YOUR TASK> In your output, repeat each entry exactly and include no pictures.

START STUDY MATERIAL

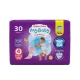 پوشک مدل پول آپ 30 عددی سایز 4 مای بیبی|pull-up baby pants four large my baby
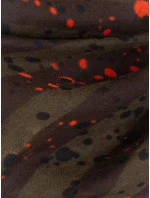 Tunelová šála AT KM 6178.20 khaki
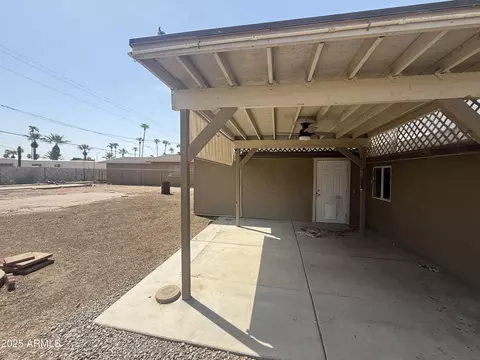 Exterior - 125 S 83rd Pl, Mesa, AZ 85208 photo 1 of 2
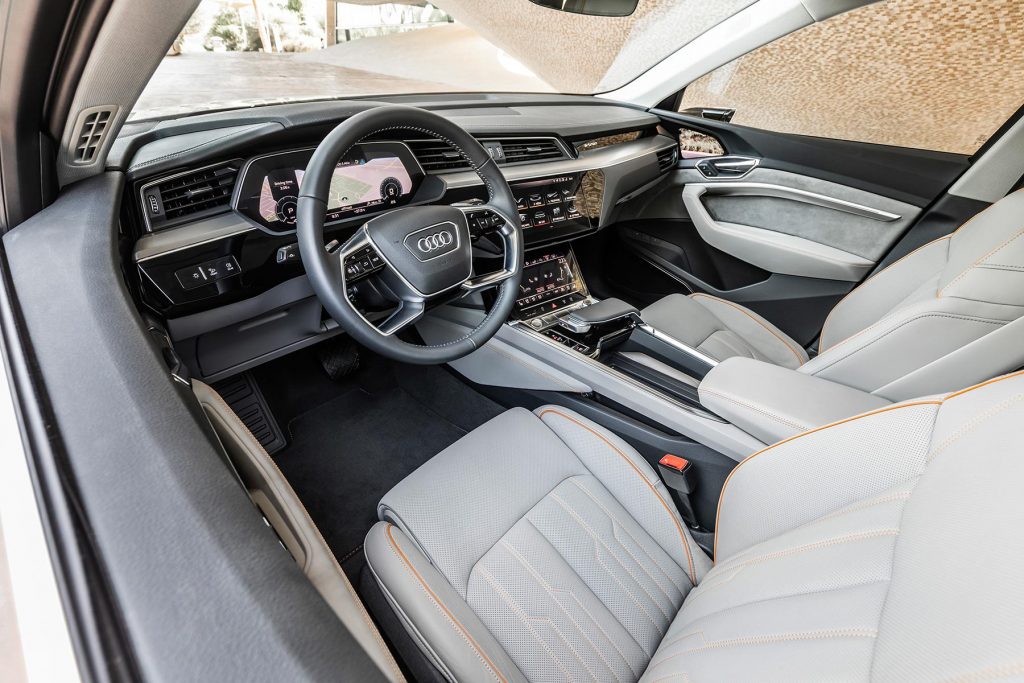 Audi-e-tron-Interior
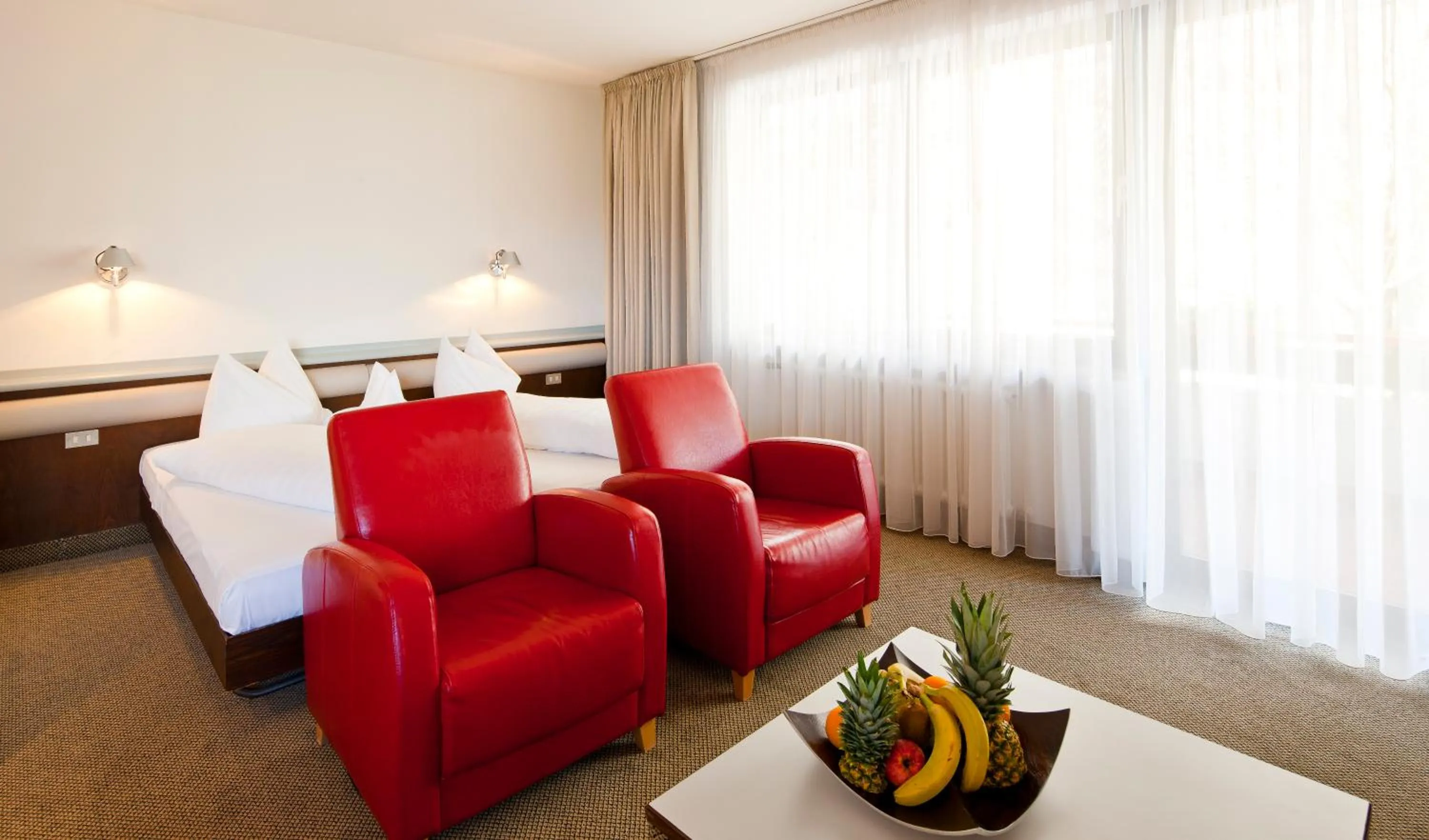 Photo of the whole room in Parkhotel Marlena - Adults Only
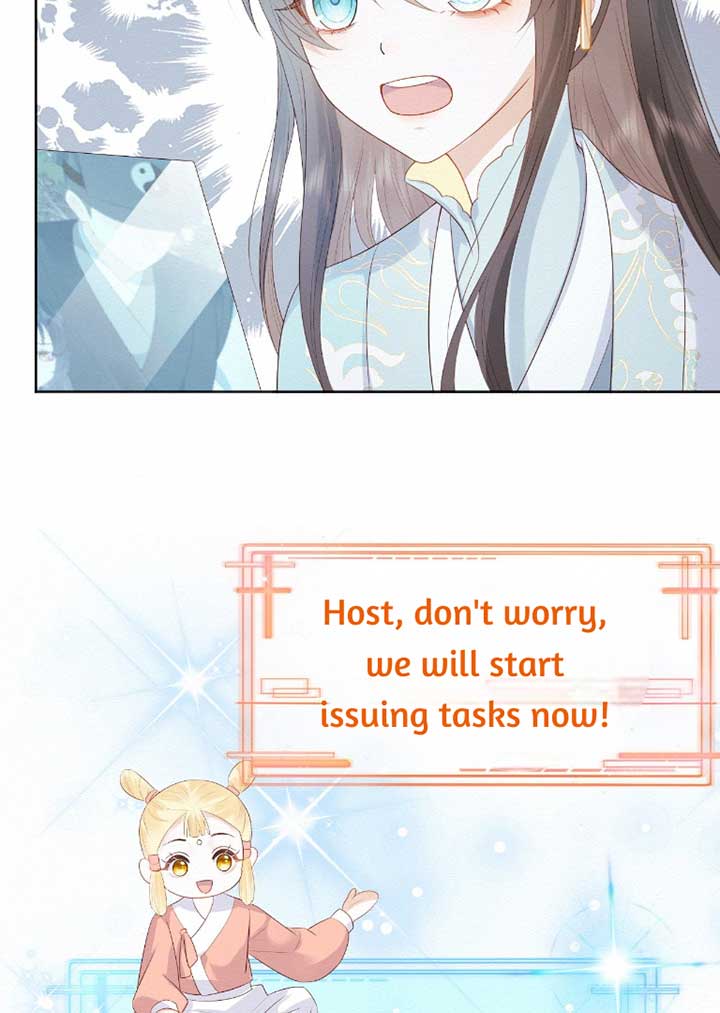 After Transmigrating Into the Book, I Raised the Sickly Side Male Character to Be the Yandere Chapter 1 333 32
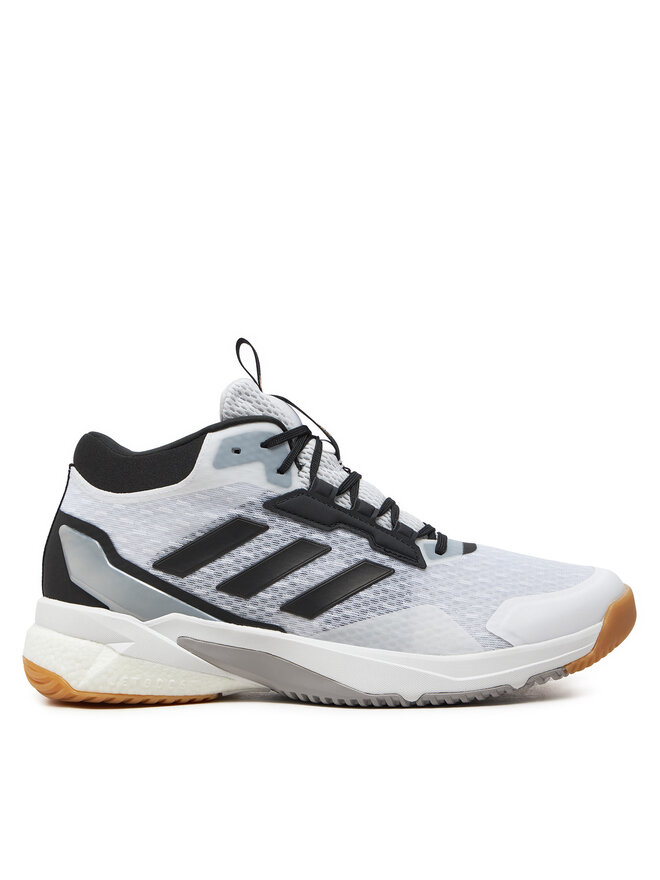 adidas Παπούτσια Σάλας adidas Crazyflight 5 Mid IH7720 Λευκό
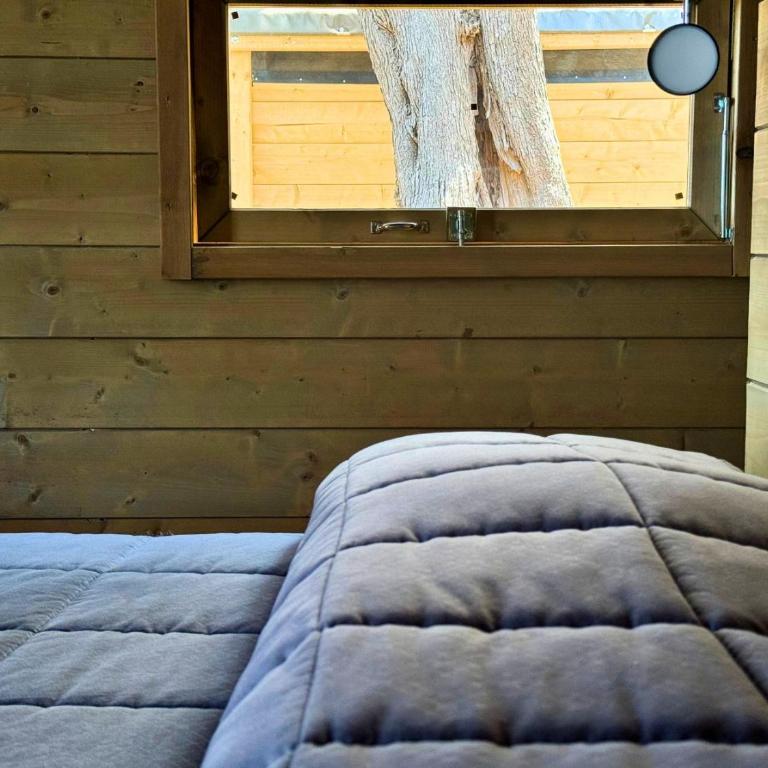 Hostel & Glamping Santa Fortunata - Tent Country Lodge - 2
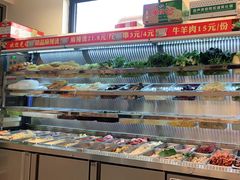 自助取餐区-郭记小街麻辣烫(南小街总店)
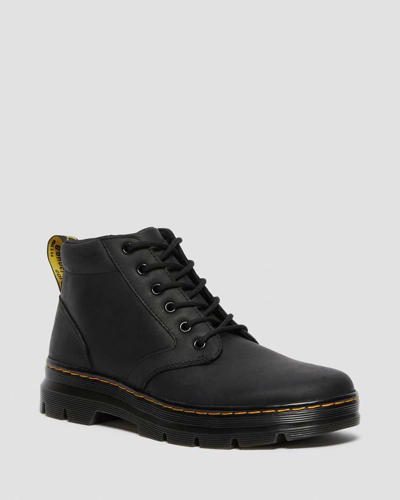 Dr. Martens' Bonny Leather Casual Boots In Black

END STUDY MATERIAL

ANSWER TO THIS TASK>
 پوشک مدل پول آپ 30 عددی سایز 4 مای بیبی|pull-up baby pants four large my baby
 Tunelová šála AT KM 6178.20 khaki
 Exterior - 125 S 83rd Pl, Mesa, AZ 85208 photo 1 of 2
 Audi-e-tron-Interior
 Photo of the whole room in Parkhotel Marlena - Adults Only
 After Transmigrating Into the Book, I Raised the Sickly Side Male Character to Be the Yandere Chapter 1 333 32
 adidas Παπούτσια Σάλας adidas Crazyflight 5 Mid IH7720 Λευκό
 Hostel & Glamping Santa Fortunata - Tent Country Lodge - 2
 自助取餐区-郭记小街麻辣烫(南小街总店)
 Dr. Martens' Bonny Leather Casual Boots In Black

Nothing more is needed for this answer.